While saying its investigation is still ongoing, the company confirmed that records of over 40 million “former or prospective customers” who had previously applied for credit and 7.8 million postpaid customers (those who currently have a contract) were stolen. In its last earnings report (PDF), T-Mobile said it had over 104 million customers.
The data in the stolen files contained critical personal information included first and last names, dates of birth, Social Security numbers, and driver’s license / ID numbers — the kind of information you could use to set up an account in someone else’s name or hijack an existing one.
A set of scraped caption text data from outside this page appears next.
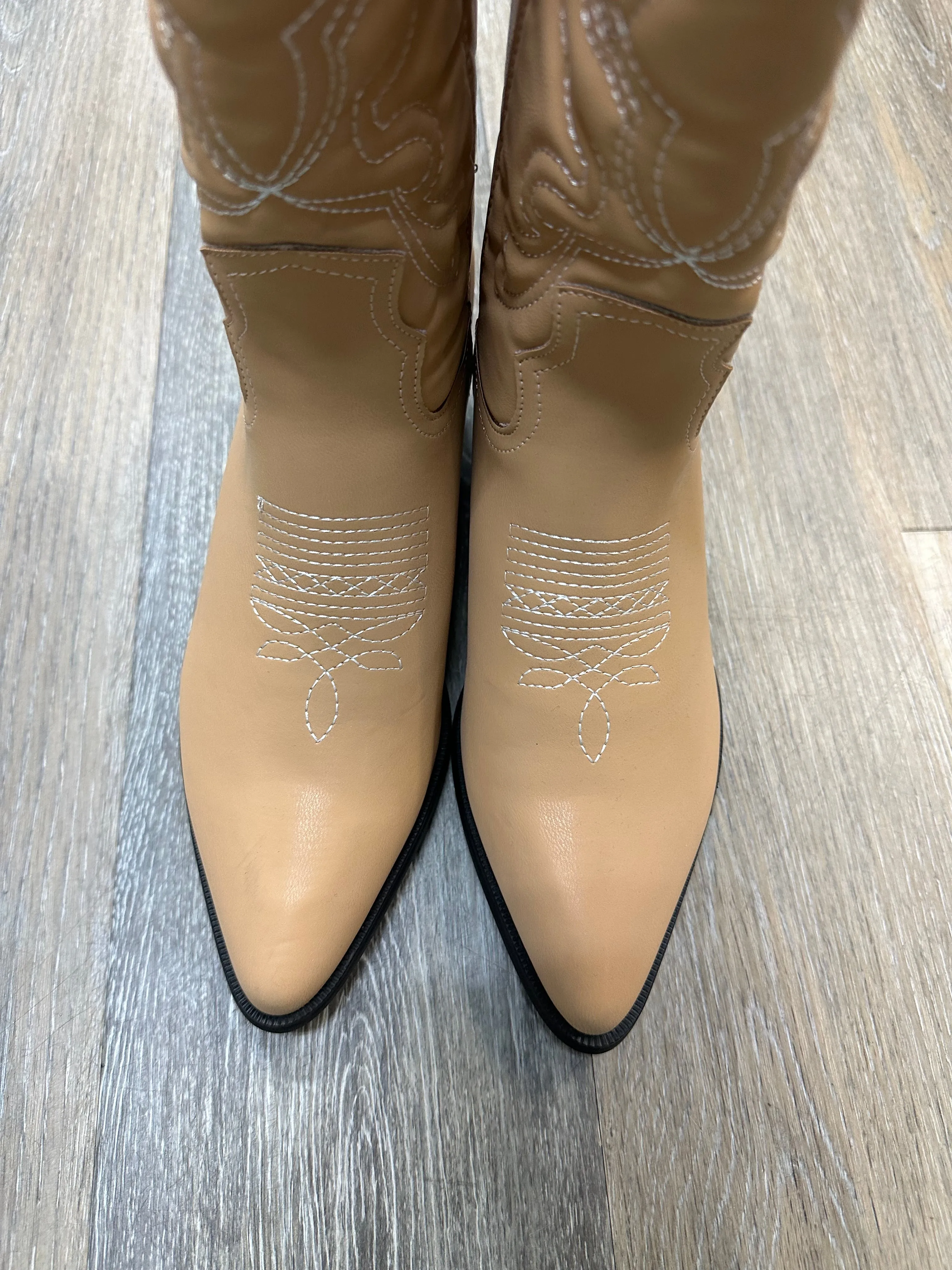 Boots Western By Glamorous In Tan, Size: 8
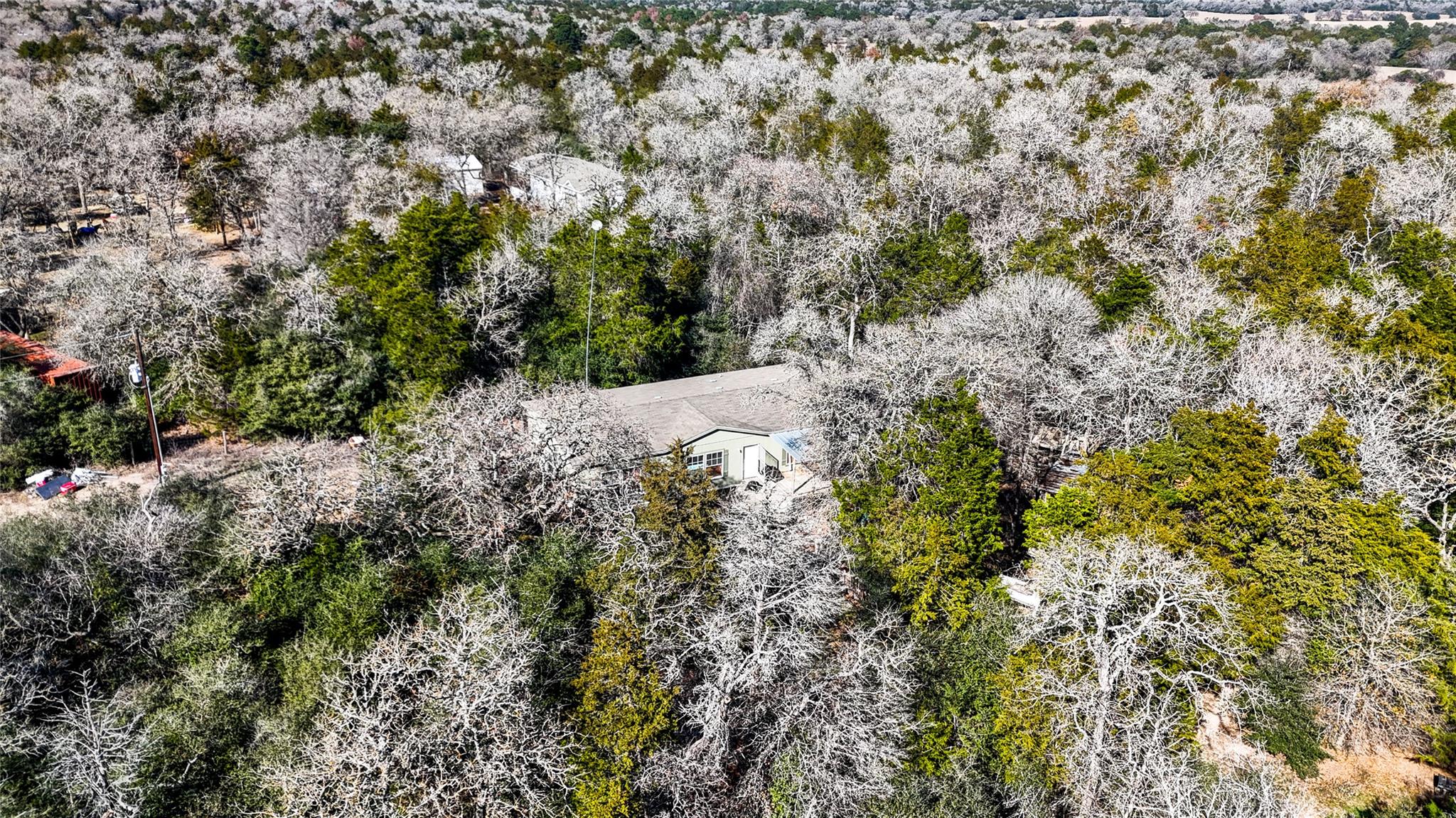 521 Paint Creek South Rd, Paige, TX 78659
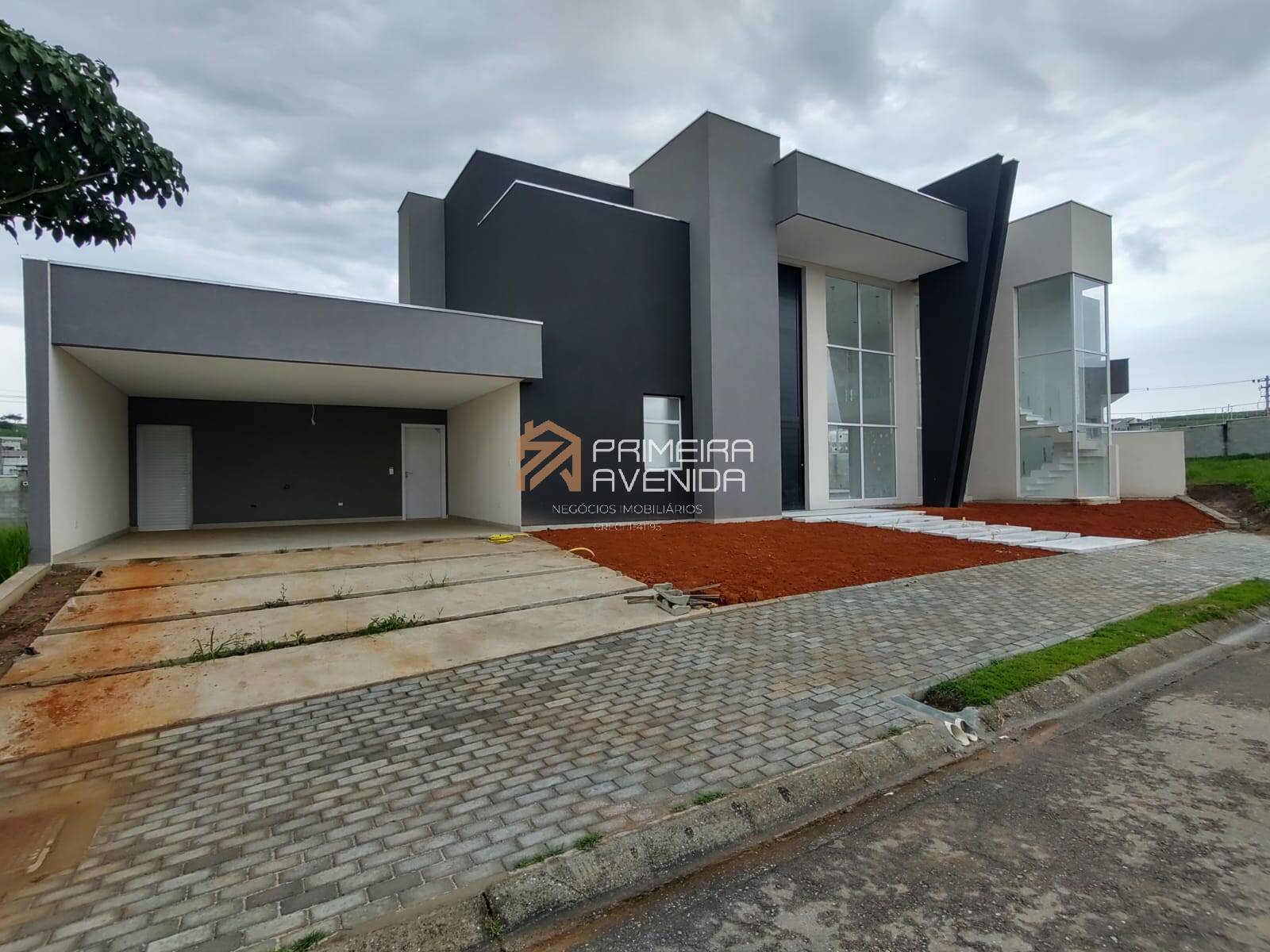 Casa de Condomínio à venda com 4 quartos, 714m² - Foto 1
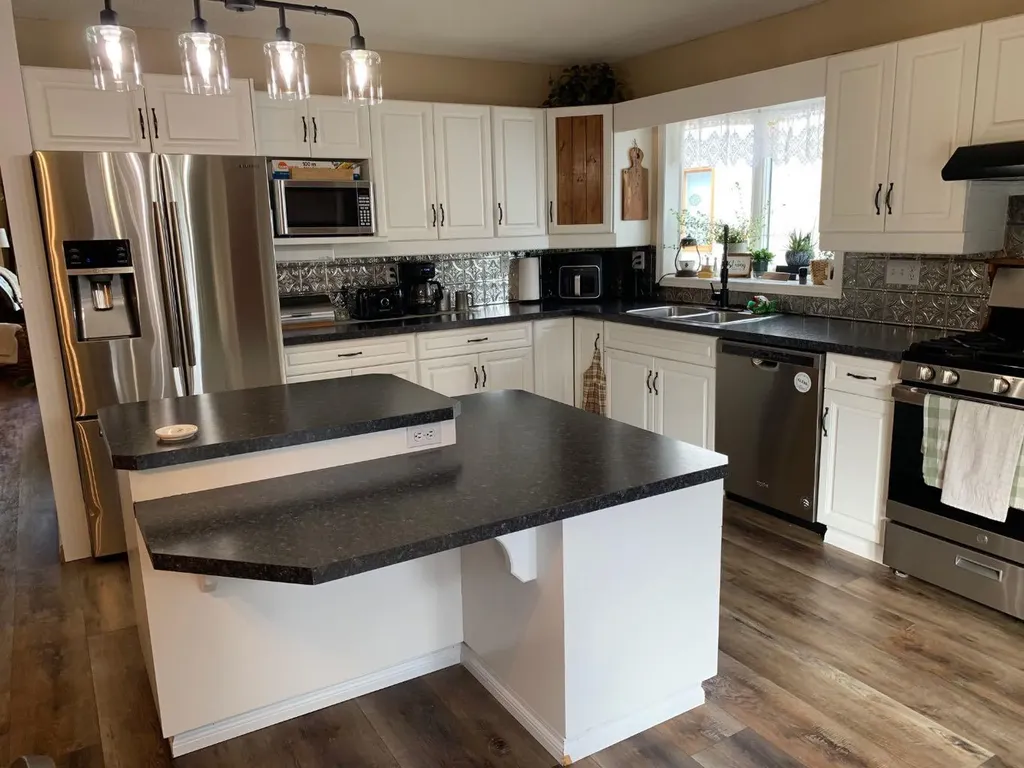 20 Pineview Road Whitecourt AB T7S 1H7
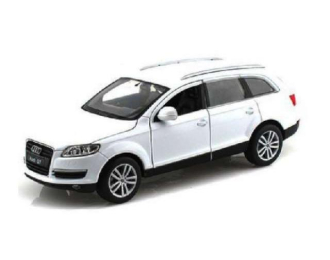AUDI Q7 (2011), white
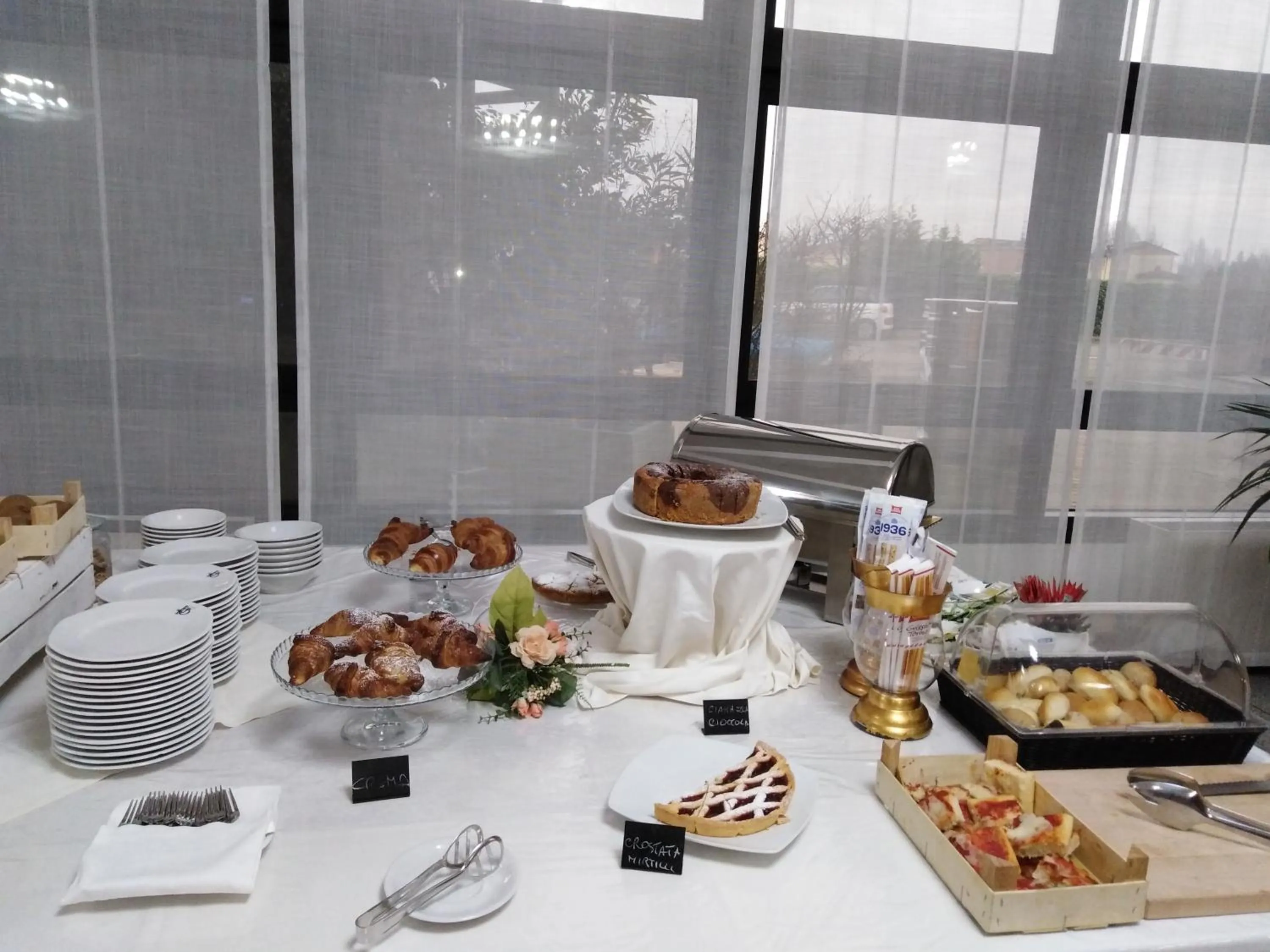 Buffet breakfast in RHI Porta Bologna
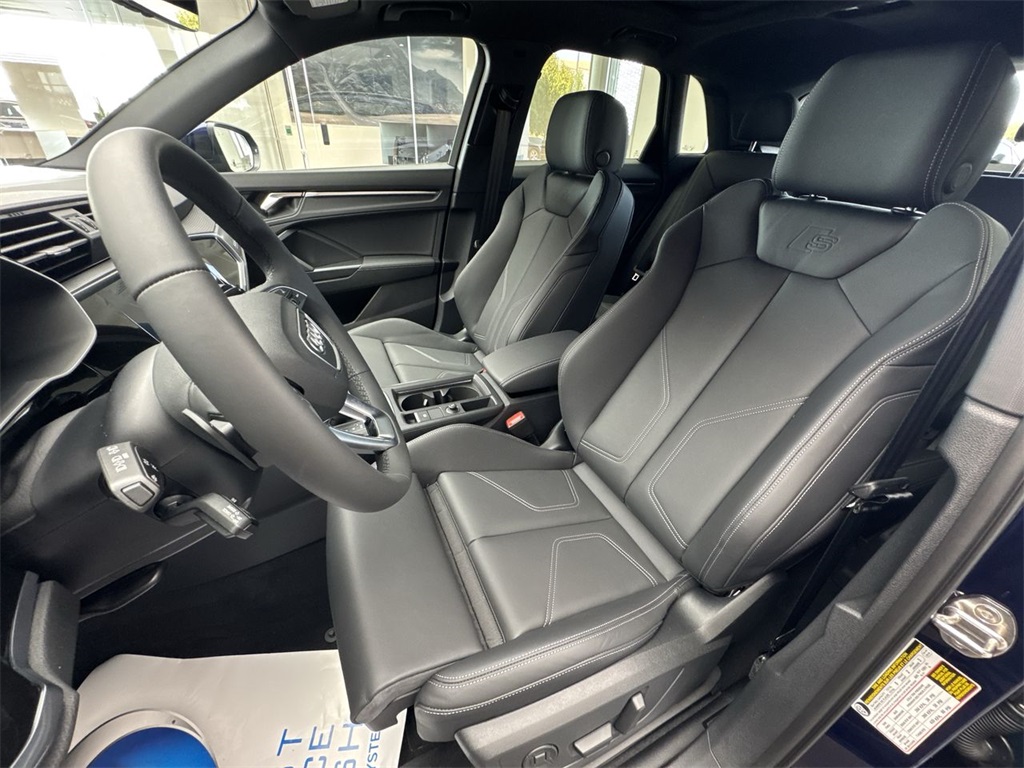 2025 Audi Q3 Premium S line photo 7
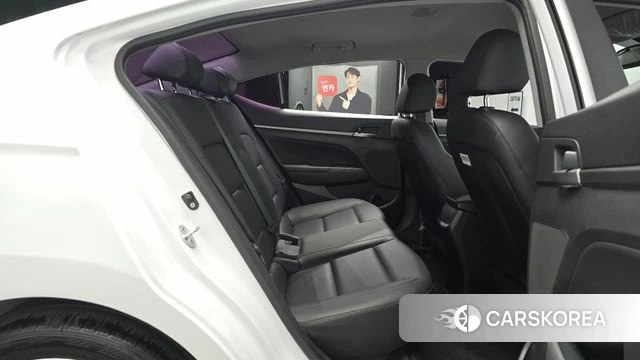 Hyundai Avante AD 2018 Белый из Кореи, фото 3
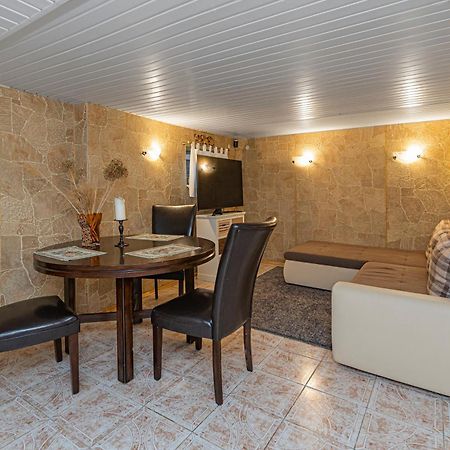 Spacious Studio Apartment By Polo Apartments Каунас Екстер'єр фото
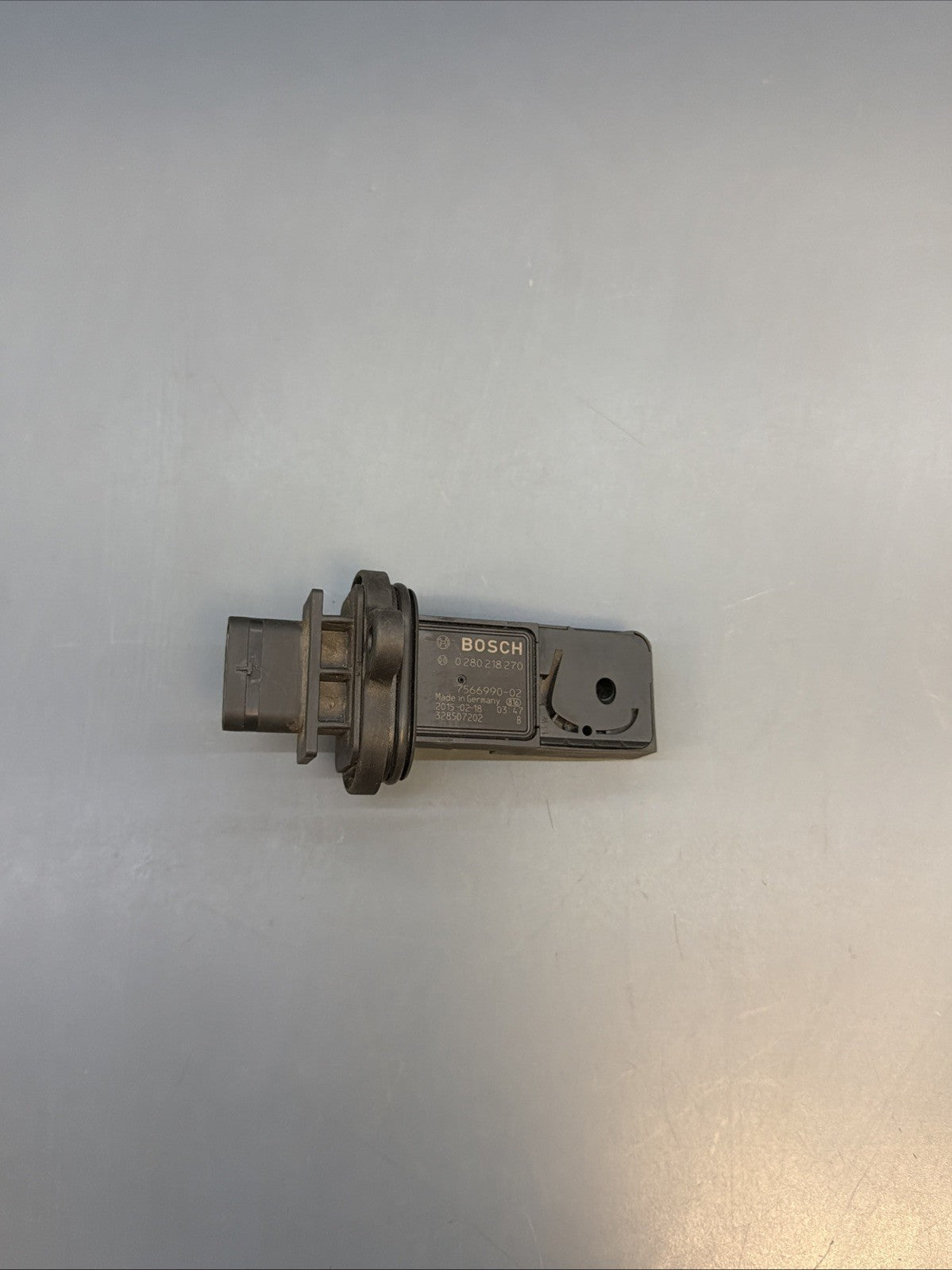 BMW E71 F01 F12 F13 F02 F10 E70 4.4L N63 Mass Airflow MAF Sensor 7566990 OEM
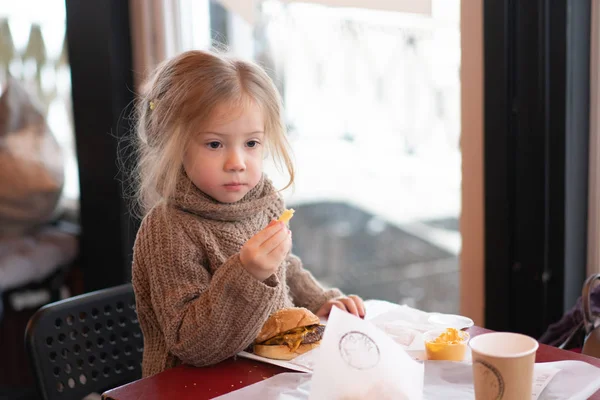 Маленькая Девочка Ест Бургер Кафе — стоковое фото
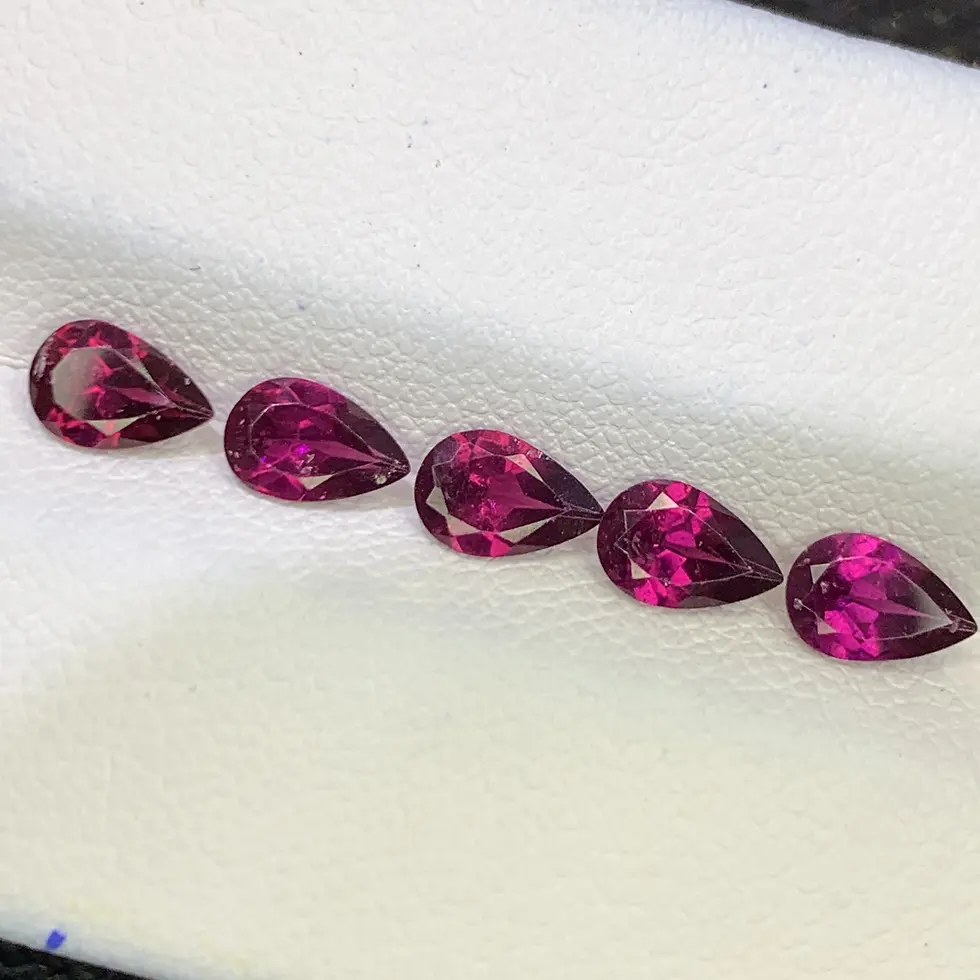 Lot de cinq grenats grape naturels pourpres, taille poire, 2.28 carats au total, origine Tanzanie.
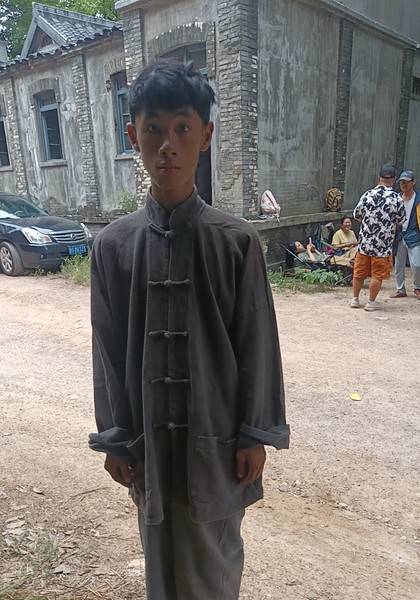 推荐艺人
It apparently did not include “phone numbers, account numbers, PINs or passwords.”
That isn’t the end of it, either, as over 850,000 prepaid T-Mobile customers were also victims of the breach, and for them, the exposed data includes “names, phone numbers, and account PINs.” Affected customers have already had their PINs reset and will receive a notification “right away.” There was also unspecified information accessed for inactive prepaid accounts. However, T-Mobile says, “No customer financial information, credit card information, debit or other payment information or SSN was in this inactive file.”
Customers trust us with their private information and we safeguard it with the utmost concern. A recent cybersecurity incident put some of that data in harm’s way, and we apologize for that. We take this very seriously, and we strive for transparency in the status of our investigation and what we’re doing to help protect you.
The notice includes boilerplate language saying that “We take our customers’ protection very seriously,” but it rings especially hollow from T-Mobile considering that this is at least the fourth data breach exposed in the last few years, including one in January. According to the company’s statement, its investigation began based on a report of someone claiming in an online forum that they had compromised T-Mobile’s servers.
A Twitter account advertising stolen data for sale claimed the attack affected all 100 million customers and included IMEI / IMSI data for 36 million customers that could uniquely identify specific devices or SIM cards, but T-Mobile’s announcement does not confirm that is the case.
T-Mobile has added a page on its site where customers can go for information as well as shortcuts to change their PINs and passwords. It’s offering two years of free identity protection services from McAfee, recommends postpaid customers change their PIN, and mentions its Account Takeover Protection capabilities to prevent SIM-swapping attacks.
Update August 18th, 4:49PM ET: Added link and information regarding T-Mobile’s dedicated site, and its apology statement.